▸ **Task prompt**:
Would you transcribe the whole listing exactly, minus its pictures?
START Data supplied
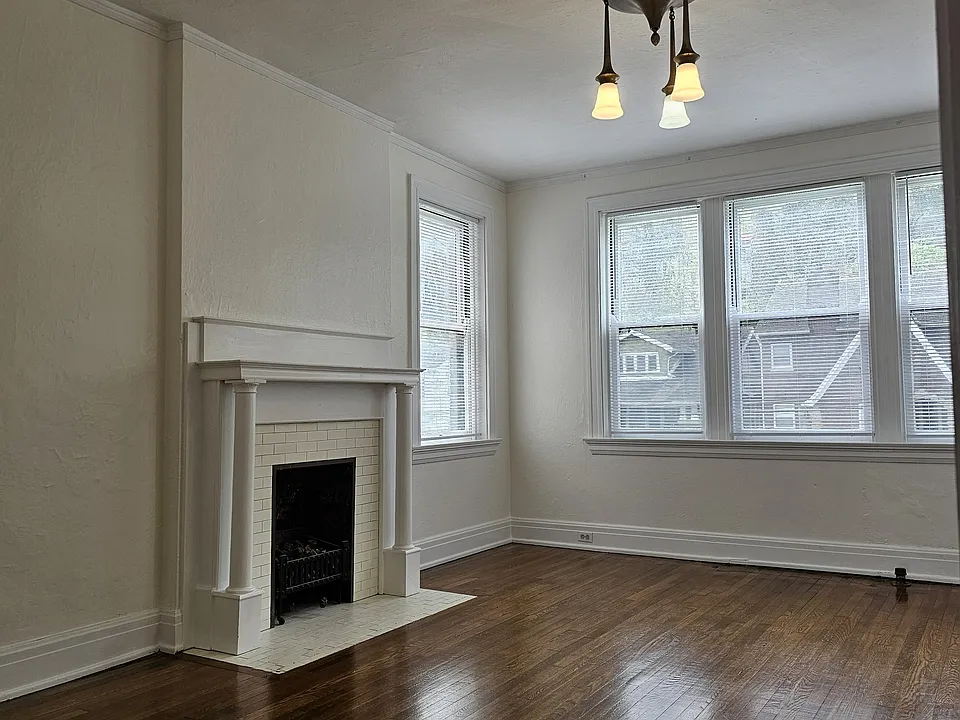 345 W 2nd St #4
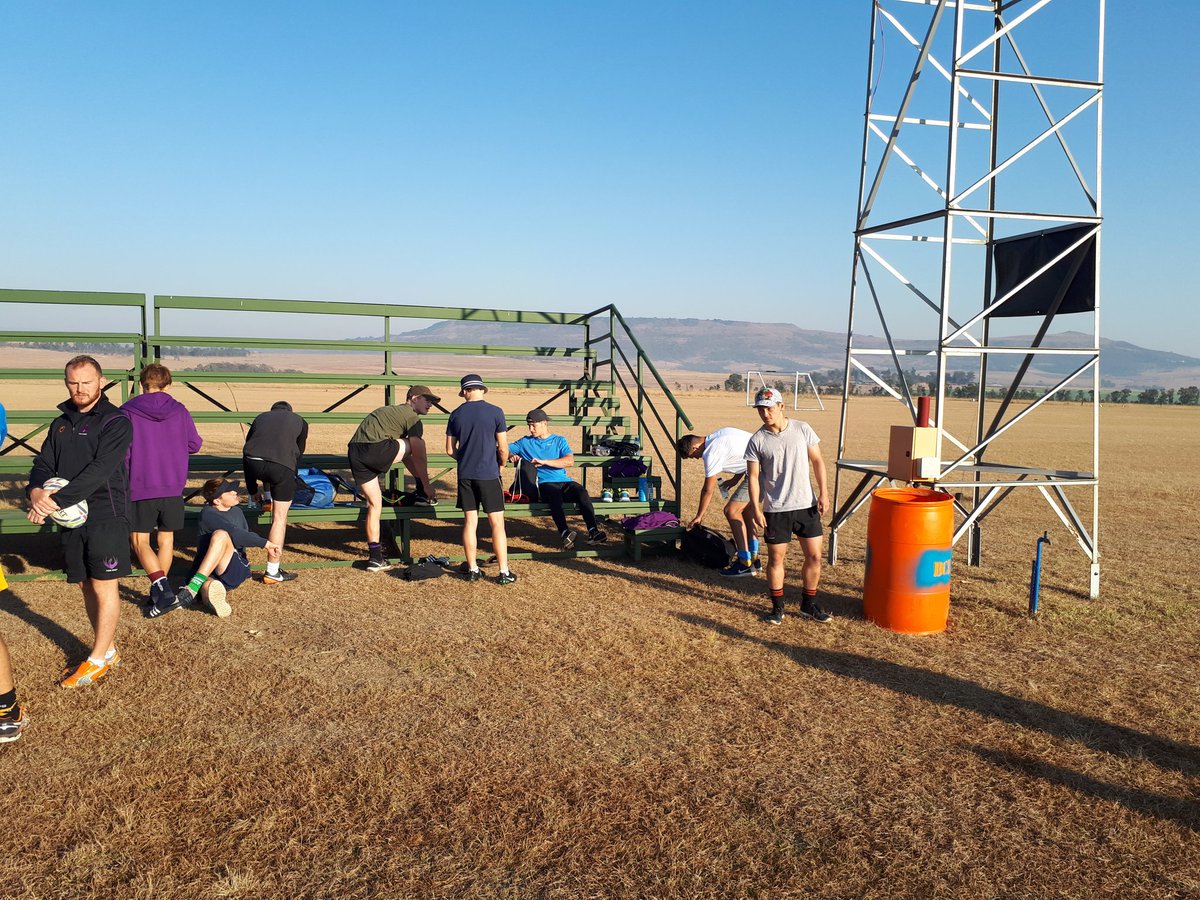 PurpleArmySA's tweet photo. Up early for fitness #beachbodyready #sloppyrigs one big boy certainly didnt keep up #wholetthedogout https://t.co/T7fKx4UIUf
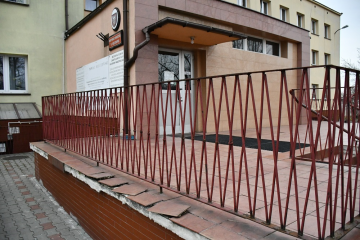 Tarasy i bariery budynku DPS w Miechowie do wymiany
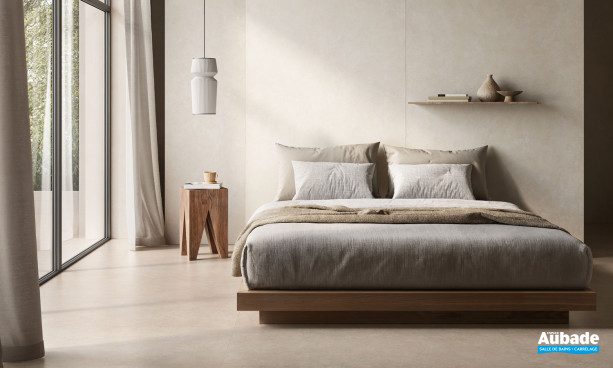 Collection Cement Vibes par Ceramiche Piemme en coloris Calce Solid et décor Handmade Calcin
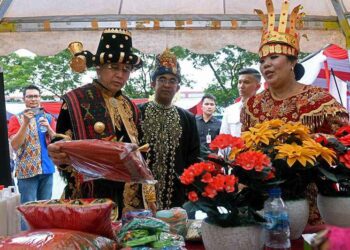 Pj Gubernur Sumut, Agus Fatoni, saat meninjau stan pameran yang menggelar hasil kerajinan warga binaan Lapas Tanjung Gusta.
END Data supplied
▸ **Result for this exercise**:
 345 W 2nd St #4
 PurpleArmySA's tweet photo. Up early for fitness #beachbodyready #sloppyrigs one big boy certainly didnt keep up #wholetthedogout https://t.co/T7fKx4UIUf
 Tarasy i bariery budynku DPS w Miechowie do wymiany
 Collection Cement Vibes par Ceramiche Piemme en coloris Calce Solid et décor Handmade Calcin
 Pj Gubernur Sumut, Agus Fatoni, saat meninjau stan pameran yang menggelar hasil kerajinan warga binaan Lapas Tanjung Gusta.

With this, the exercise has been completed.